Несение имени Господня в книге «Пастырь» напрямую связывается с чином крещением и миропомазания: «Отступники и предатели Церкви, которые во грехах своих хулили Господа и постыдились имени Его, на них призванного: все они умерли для Бога»[187].

«Носить на себе имя» как принадлежность Христу понимает и святой Поликарп Смирнский: «Будем удаляться от соблазнов, от лжебратиев и от тех, которые лицемерно носят на себе имя Господне» — «και εκείνους που με υποκρισία φέρουν το όνομα του Κυρίου»[188].

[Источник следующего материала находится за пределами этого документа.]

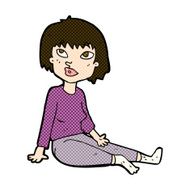 comic cartoon woman sitting on floor N3
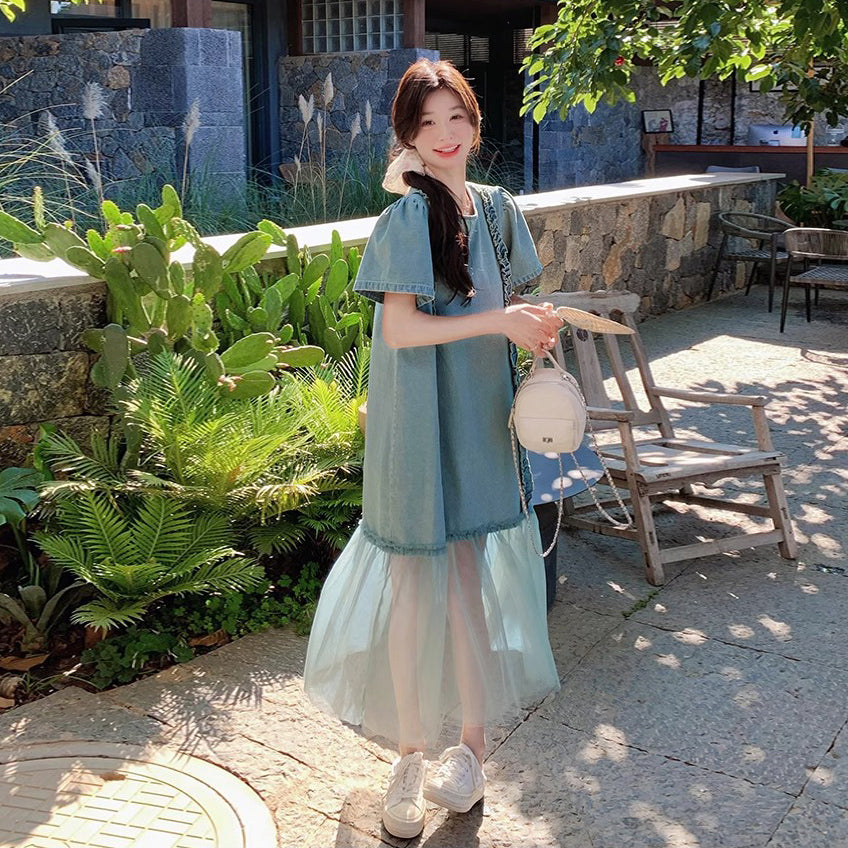 【ワンピース】クール系ハイセンス 配色デザイン デニム切替 半袖ワンピース【SHシリーズ】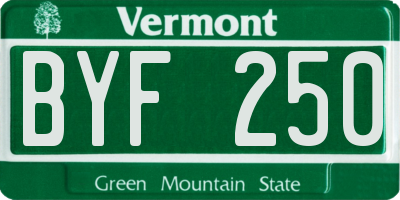 VT license plate BYF250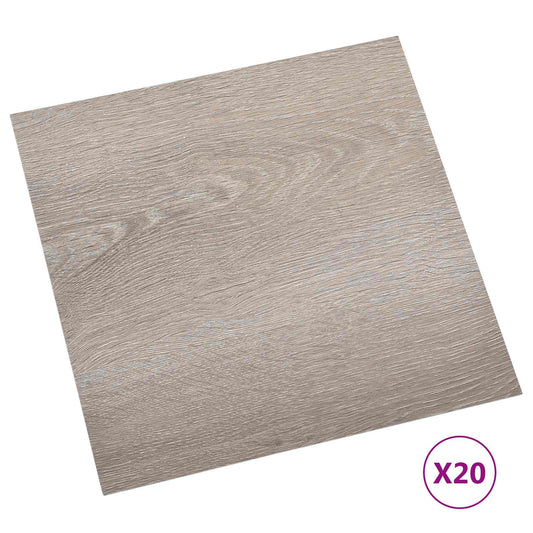 Samolepicí Podlahová Prkna 30,5 X 30,5 Cm 20 Pcs Pvc Taupe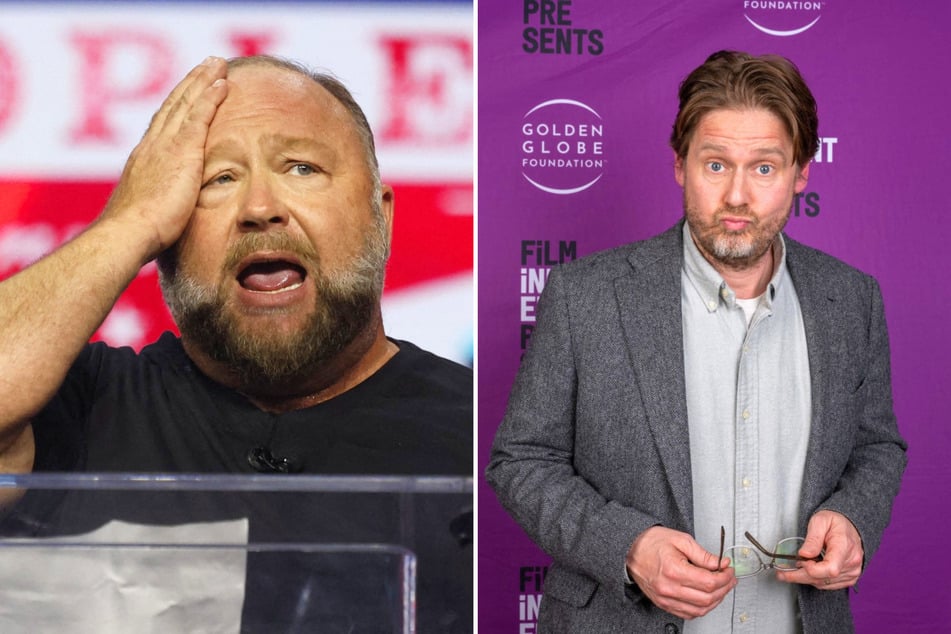 On Friday, comedian Tim Heidecker (r) made his debut as the host of InfoWars after The Onion managed to buy out the site from Alex Jones (l.)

В данной главе мы рассматриваем связи «Имени» с эволюцией иконографии креста, что сужает предмет исследования в более прикладном и предметном направлении. Иными словами, необходимо определить, что привнесло «Имя» в иконографию креста?

Как уже говорилось выше, «ношение имени» связано с практикой помазания в чине крещения и миропомазания, архетипом которой является помазание праведников в пророчестве Иезекииля (9.4).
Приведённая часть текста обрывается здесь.